● Exercise directions:
This task calls for printing every entry exactly.

※ ※ ※

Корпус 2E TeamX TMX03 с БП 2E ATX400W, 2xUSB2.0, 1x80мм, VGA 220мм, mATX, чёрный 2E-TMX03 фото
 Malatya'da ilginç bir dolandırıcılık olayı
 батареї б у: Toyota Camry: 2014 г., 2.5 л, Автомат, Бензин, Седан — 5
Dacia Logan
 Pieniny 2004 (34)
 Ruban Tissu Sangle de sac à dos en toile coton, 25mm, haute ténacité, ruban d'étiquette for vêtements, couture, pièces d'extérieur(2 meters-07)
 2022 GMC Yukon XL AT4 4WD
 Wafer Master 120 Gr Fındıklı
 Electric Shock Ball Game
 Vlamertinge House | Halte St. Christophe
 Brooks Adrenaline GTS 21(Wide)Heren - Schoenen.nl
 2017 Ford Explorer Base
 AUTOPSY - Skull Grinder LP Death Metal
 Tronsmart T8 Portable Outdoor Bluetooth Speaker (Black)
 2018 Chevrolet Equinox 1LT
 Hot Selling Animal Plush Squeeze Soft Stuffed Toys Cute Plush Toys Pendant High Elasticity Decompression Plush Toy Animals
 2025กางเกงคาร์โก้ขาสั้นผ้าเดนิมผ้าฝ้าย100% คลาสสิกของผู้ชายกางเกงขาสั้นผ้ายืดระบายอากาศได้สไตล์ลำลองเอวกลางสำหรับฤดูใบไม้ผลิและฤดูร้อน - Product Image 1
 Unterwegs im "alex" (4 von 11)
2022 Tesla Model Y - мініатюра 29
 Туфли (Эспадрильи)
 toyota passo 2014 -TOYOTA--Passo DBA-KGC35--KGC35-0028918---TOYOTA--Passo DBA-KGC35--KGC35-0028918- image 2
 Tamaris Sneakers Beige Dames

※ ※ ※

● Solution:
Корпус 2E TeamX TMX03 с БП 2E ATX400W, 2xUSB2.0, 1x80мм, VGA 220мм, mATX, чёрный 2E-TMX03 фото
 Malatya'da ilginç bir dolandırıcılık olayı
 батареї б у: Toyota Camry: 2014 г., 2.5 л, Автомат, Бензин, Седан — 5
Dacia Logan
 Pieniny 2004 (34)
 Ruban Tissu Sangle de sac à dos en toile coton, 25mm, haute ténacité, ruban d'étiquette for vêtements, couture, pièces d'extérieur(2 meters-07)
 2022 GMC Yukon XL AT4 4WD
 Wafer Master 120 Gr Fındıklı
 Electric Shock Ball Game
 Vlamertinge House | Halte St. Christophe
 Brooks Adrenaline GTS 21(Wide)Heren - Schoenen.nl
 2017 Ford Explorer Base
 AUTOPSY - Skull Grinder LP Death Metal
 Tronsmart T8 Portable Outdoor Bluetooth Speaker (Black)
 2018 Chevrolet Equinox 1LT
 Hot Selling Animal Plush Squeeze Soft Stuffed Toys Cute Plush Toys Pendant High Elasticity Decompression Plush Toy Animals
 2025กางเกงคาร์โก้ขาสั้นผ้าเดนิมผ้าฝ้าย100% คลาสสิกของผู้ชายกางเกงขาสั้นผ้ายืดระบายอากาศได้สไตล์ลำลองเอวกลางสำหรับฤดูใบไม้ผลิและฤดูร้อน - Product Image 1
 Unterwegs im "alex" (4 von 11)
2022 Tesla Model Y - мініатюра 29
 Туфли (Эспадрильи)
 toyota passo 2014 -TOYOTA--Passo DBA-KGC35--KGC35-0028918---TOYOTA--Passo DBA-KGC35--KGC35-0028918- image 2
 Tamaris Sneakers Beige Dames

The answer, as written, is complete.